At the moment I'm reading a YA book by a NZ writer, Penelope Todd. The book is "Watermark". It's a library book and I was interested to see that a reader before me has gone through the first couple of chapters (with a pencil) and underlined all the multi-syllable words such as traipsed and stupefied. I don't know whether the reader was doing it because she/he didn't understand them or because they were annoying?
It's a strange book in some ways, a story of a girl who has never taken any risks and then decides to go to the West Coast of New Zealand to stay in a hut at the invitation of two people she doesn't know. She is mostly on her own, apart from the two who come and go and another man who turns out to be ... but I don't want to spoil the "surprise".
After all the stuff I have been working on since the last SCBWI conference where my novel got ripped to shreds (oh thank you ms critiquer who put me off rewriting this novel for 2 years!! but I did learn a few things) - the emphasis was on character arc and plot arc. I am much more aware of these now, and I guess for me this is where this book falls down a bit. Rather than an arc, it feels to me like a series of dips. Maybe it's like the Gantos book - the initial premise didn't work for me. Just a bit too unbelievable. And so the rest of the book never quite makes it. A personal reaction. Others will probably disagree.

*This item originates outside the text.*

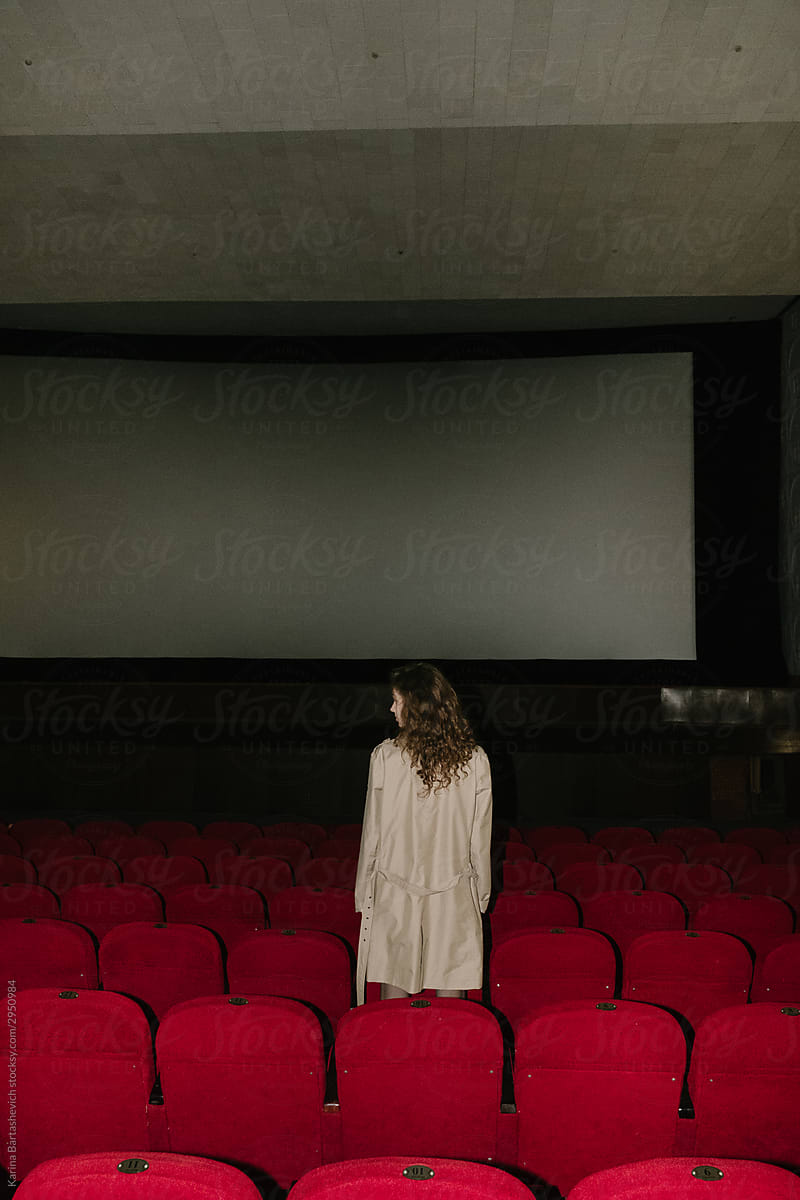 girl with curly hair stands between the rows of red cinema seats on the background of the screen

Character arc. Hmmm. I am 7500 words back into a new rewrite of that novel and already the arc rears its ugly head! Time to stop and regroup. I cannot write a 40,000 word version of a novel that struggled to get below 100,000 words. So I have to replot the first half and make it into two books. I know this but I had to start the new draft before I could fully get to grips with what was going to be necessary.
That's OK. I can do this.
Amazing how much of the original material I have forgotten. I wasn't going to use the old draft but even some of the minor characters have faded so will reread it and take what I need. And the language - all those great words (this is a historical novel).
Blogs are interesting. I look at other people's and wonder what we get out of it. Like an open diary?